Streit im Klassenzimmer

Idoia Iriarte steht am Verkaufstisch des Kosmetikgeschäfts, in dem sie arbeitet, und wartet auf Kundschaft. Es kommt niemand. Die Touristen ziehen am Laden vorbei, durch die engen Gassen von Girona, Hauptstadt der gleichnamigen Provinz in Katalonien, nördlich von Barcelona. Die Serie Game of Thrones wurde hier gedreht, deshalb ist die Stadt ein Touristenmagnet. Man könne daraus noch viel mehr machen, glaubt die 51-jährige Spanierin mit den braunen, schulterlangen Haaren. Doch leider verunsichere die aufbegehrende Politik der Regionalregierung nicht nur die Unternehmen, sondern auch die meisten Touristen. Sie bedrohe damit die Wirtschaft. „Und dann kommt die Arbeitslosigkeit.“

Girona ist eine Hochburg für Unabhängigkeitsenthusiasten. Carles Puigdemont, der ehemalige Regionalpräsident, der das Unabhängigkeitsreferendum 2017 in die Wege leitete und anschließend ins Exil gehen musste, war hier Bürgermeister. Idoia ist davon überzeugt, sich mit Separatismus auszukennen. Sie kommt aus Bilbao, aus dem Baskenland, einer Region, in der es ebenfalls einen starken Willen zur Unabhängigkeit gibt. Zwischen 1960 und 2010 mündete der auch in Gewalt, nachdem sich ein Teil der Unabhängigkeitsbewegung terroristischer Mittel bediente. Bei Anschlägen der Untergrundorganisation ETA wurden mehr als 800 Menschen getötet. Idoia erzählt, Ende der Achtziger sei in der Nähe ihres Hauses eine Autobombe gezündet worden. Für sie der letzte Anstoß, ihrer Heimat den Rücken zu kehren, möglichst für immer.

In Girona sind die Balkongitter an den hellgrauen Steinhäusern mit Flaggen behängt. Gelb mit vier roten Streifen für Katalonien. Auch gelbe Schleifen prägen die Stadt, sie sind an Statuen befestigt, an Laternen, auf T-Shirts gedruckt und auf die Schilder mit den Straßennamen. In den Souvenirshops können sie für 2,50 Euro erworben werden. Die Schleifen stehen für die Forderung nach der Freilassung der „politischen Gefangenen“, der verurteilten katalanischen Politiker. Dies wird auch auf Bannern verlangt, die den Hintergrund zahlreicher Fotos mit Sommermotiven des Jahres bilden.
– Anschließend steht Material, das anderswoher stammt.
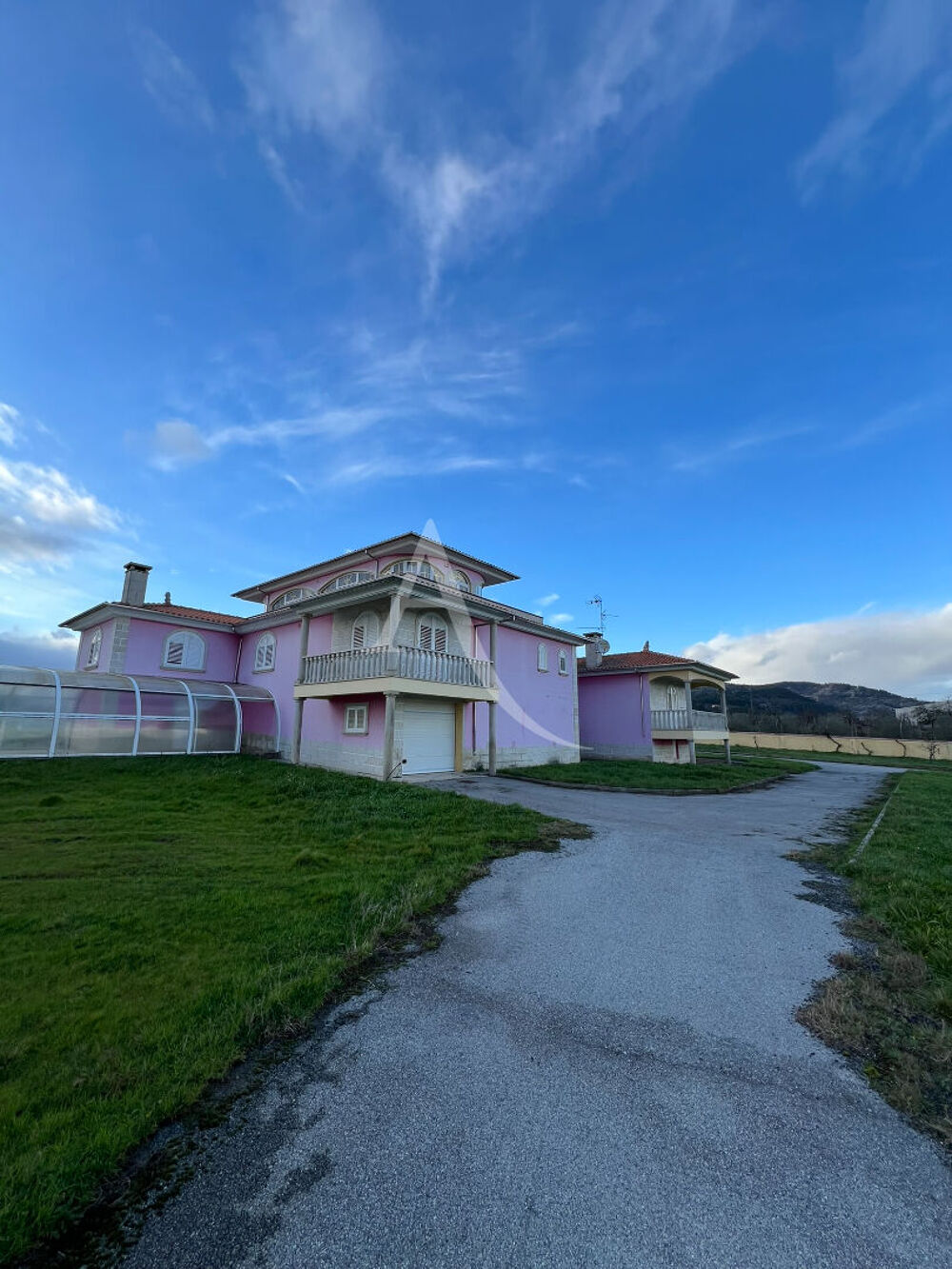 PORTUGAL - VILLA DE PRESTIGE CHAVES 512m²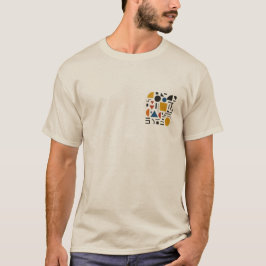 Camiseta Geometry in Celebration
Nur 60 Kilometer sind es von Girona nach Frankreich. Dem Ausland ist die Stadt damit viel näher als der 700 Kilometer entfernten Hauptstadt Madrid. Idoia weiß, wer Unabhängigkeitsbefürworter ist und wer nicht. Sie erzählt, sich deshalb mit ihren Kunden auf den Deal geeinigt zu haben: „Wenn wir nicht über Politik reden, bleiben wir Freunde.“ Nur zwei Mal sei es ihr passiert, dass sich jemand geweigert habe, für sie die Sprache zu wechseln, von Katalanisch zu Spanisch.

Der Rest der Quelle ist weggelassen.